● DATASET CONTENT
• • • • • • •
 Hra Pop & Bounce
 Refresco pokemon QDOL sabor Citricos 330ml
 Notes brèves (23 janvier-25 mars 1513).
• • • • • • •
● TASK DIRECTIONS
Print the material once more, keeping every word as it is.

● ANSWER BOX
 Hra Pop & Bounce
 Refresco pokemon QDOL sabor Citricos 330ml
 Notes brèves (23 janvier-25 mars 1513).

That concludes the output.